- Born: 5 April 2003 (age 23) Habkern, Bern, Switzerland
- Height: 163 cm (5 ft 4 in)
- Weight: 69 kg (152 lb; 10 st 12 lb)
- Position: Forward
- Shoots: Left
- NCAA team Former teams: St. Cloud State Huskies SC Reinach EV Bomo Thun
- National team: Switzerland
- Playing career: 2016–present
- Medal record
Olympic Games
| Bronze medal – third place | 2026 Milano Cortina | Team |

= Laura Zimmermann =

Swiss ice hockey player (born 2003)

Laura Zimmermann (born 5 April 2003) is a Swiss ice hockey player and member of the Swiss national ice hockey team. She has played college ice hockey in the Western Collegiate Hockey Association (WCHA) conference of the NCAA Division I with the St. Cloud State Huskies women's ice hockey program since 2022.

==International play==
As a junior player with the Swiss national under-18 team, she participated in the IIHF U18 Women's World Championships in 2019 and 2020.

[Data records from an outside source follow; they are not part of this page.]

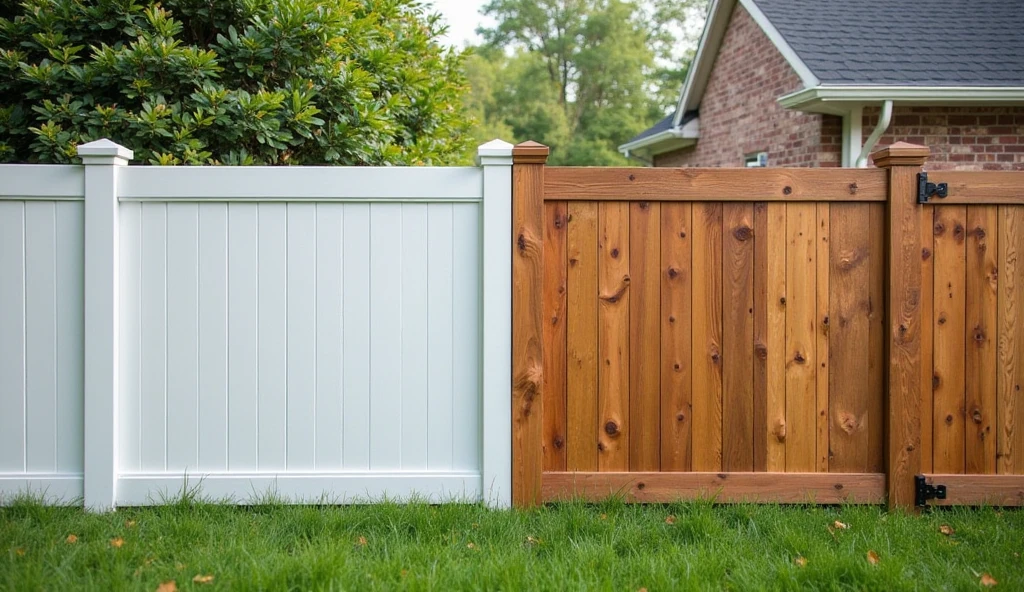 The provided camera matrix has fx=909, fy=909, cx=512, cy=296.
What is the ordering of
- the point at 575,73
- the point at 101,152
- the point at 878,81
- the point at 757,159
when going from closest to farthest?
the point at 101,152
the point at 878,81
the point at 757,159
the point at 575,73

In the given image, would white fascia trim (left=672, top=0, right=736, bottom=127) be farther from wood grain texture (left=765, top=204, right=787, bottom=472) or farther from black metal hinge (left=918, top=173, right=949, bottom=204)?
wood grain texture (left=765, top=204, right=787, bottom=472)

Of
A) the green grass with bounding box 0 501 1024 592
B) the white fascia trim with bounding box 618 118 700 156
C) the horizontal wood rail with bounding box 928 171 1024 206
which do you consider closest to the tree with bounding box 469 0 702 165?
the white fascia trim with bounding box 618 118 700 156

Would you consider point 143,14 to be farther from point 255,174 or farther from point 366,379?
point 366,379

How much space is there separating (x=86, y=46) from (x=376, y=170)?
233 centimetres

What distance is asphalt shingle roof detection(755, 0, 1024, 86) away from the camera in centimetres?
884

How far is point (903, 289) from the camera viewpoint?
13.7 feet

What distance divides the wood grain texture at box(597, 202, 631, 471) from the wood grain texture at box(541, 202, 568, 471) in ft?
0.57

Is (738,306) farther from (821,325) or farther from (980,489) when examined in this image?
(980,489)

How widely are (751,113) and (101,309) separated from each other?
9336 millimetres

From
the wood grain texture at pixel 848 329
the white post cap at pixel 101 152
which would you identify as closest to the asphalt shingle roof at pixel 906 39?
the wood grain texture at pixel 848 329

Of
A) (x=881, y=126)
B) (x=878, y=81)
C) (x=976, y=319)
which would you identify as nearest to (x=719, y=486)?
(x=976, y=319)

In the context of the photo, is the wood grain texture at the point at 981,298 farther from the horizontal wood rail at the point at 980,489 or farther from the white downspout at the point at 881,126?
the white downspout at the point at 881,126

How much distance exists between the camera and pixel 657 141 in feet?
46.4

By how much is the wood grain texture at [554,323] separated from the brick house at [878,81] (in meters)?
5.43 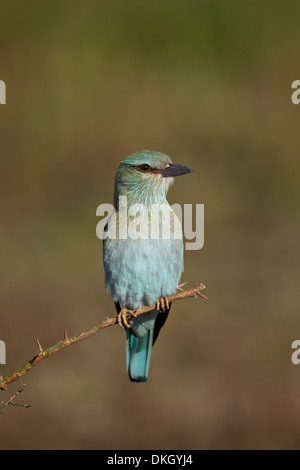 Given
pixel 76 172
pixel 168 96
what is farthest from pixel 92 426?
pixel 168 96

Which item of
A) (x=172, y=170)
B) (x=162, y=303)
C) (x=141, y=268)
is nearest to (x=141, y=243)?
(x=141, y=268)

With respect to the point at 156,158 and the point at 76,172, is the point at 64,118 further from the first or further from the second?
the point at 156,158

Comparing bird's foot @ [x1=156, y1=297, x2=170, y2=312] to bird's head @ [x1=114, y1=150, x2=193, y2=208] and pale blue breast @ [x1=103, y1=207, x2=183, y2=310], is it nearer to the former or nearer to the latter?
pale blue breast @ [x1=103, y1=207, x2=183, y2=310]

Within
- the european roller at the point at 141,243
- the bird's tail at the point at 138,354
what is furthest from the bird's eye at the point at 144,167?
the bird's tail at the point at 138,354

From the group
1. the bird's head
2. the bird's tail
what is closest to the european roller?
the bird's head

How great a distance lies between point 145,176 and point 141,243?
35 centimetres

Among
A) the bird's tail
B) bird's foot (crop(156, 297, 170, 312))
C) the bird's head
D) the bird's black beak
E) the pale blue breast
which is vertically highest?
the bird's head

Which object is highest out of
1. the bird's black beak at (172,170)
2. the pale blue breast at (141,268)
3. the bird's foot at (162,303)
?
the bird's black beak at (172,170)

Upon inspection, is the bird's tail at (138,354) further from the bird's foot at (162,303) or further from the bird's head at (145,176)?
the bird's head at (145,176)

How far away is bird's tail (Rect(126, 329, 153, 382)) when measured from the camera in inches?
187

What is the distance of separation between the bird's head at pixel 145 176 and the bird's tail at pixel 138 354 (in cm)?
88

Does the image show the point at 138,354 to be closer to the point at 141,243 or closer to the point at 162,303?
the point at 162,303

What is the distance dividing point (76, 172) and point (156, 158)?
28.2 ft

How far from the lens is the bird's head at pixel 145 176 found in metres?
4.03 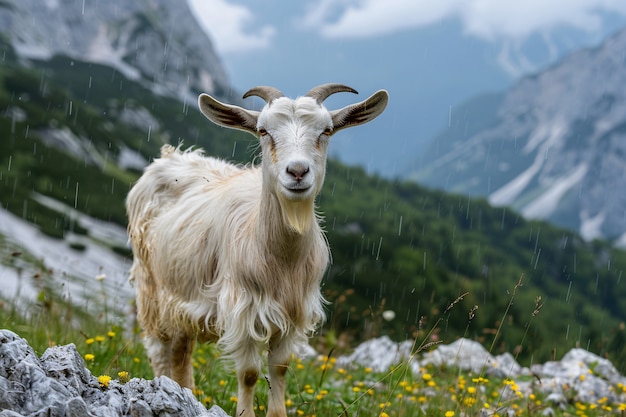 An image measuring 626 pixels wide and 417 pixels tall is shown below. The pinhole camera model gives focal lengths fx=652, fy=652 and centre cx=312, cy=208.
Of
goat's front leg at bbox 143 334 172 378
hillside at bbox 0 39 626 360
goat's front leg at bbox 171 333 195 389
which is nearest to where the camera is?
goat's front leg at bbox 171 333 195 389

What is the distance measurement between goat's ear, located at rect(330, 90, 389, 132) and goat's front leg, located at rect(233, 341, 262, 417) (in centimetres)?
170

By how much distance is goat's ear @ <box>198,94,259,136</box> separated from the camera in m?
4.63

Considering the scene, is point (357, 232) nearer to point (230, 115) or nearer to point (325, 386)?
Answer: point (325, 386)

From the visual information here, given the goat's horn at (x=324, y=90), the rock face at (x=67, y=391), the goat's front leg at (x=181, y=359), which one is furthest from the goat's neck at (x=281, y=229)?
the goat's front leg at (x=181, y=359)

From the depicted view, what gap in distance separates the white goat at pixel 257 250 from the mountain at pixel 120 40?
11252 cm

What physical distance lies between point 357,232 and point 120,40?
322 feet

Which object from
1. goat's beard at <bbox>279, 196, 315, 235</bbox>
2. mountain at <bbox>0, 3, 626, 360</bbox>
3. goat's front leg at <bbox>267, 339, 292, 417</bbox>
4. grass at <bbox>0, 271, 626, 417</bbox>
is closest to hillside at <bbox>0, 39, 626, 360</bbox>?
mountain at <bbox>0, 3, 626, 360</bbox>

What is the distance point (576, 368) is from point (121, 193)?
37.6m

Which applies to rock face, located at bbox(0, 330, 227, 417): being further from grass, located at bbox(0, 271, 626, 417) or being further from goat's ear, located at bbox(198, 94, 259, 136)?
goat's ear, located at bbox(198, 94, 259, 136)

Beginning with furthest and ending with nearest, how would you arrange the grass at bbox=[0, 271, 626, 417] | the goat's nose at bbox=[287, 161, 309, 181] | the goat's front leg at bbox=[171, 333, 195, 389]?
1. the goat's front leg at bbox=[171, 333, 195, 389]
2. the grass at bbox=[0, 271, 626, 417]
3. the goat's nose at bbox=[287, 161, 309, 181]

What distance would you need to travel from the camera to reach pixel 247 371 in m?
4.67

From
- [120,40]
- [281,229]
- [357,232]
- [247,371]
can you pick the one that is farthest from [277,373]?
[120,40]

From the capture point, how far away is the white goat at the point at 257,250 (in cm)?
438

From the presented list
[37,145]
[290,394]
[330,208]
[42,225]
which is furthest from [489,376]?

With the senior national team, Zimmermann represented Switzerland in the women's ice hockey tournament at the 2022 Winter Olympics and at the IIHF Women's World Championships in 2021, 2022, 2023, 2024, and 2025.

She won an Olympic bronze medal in the women's ice hockey tournament at the 2026 Winter Olympics.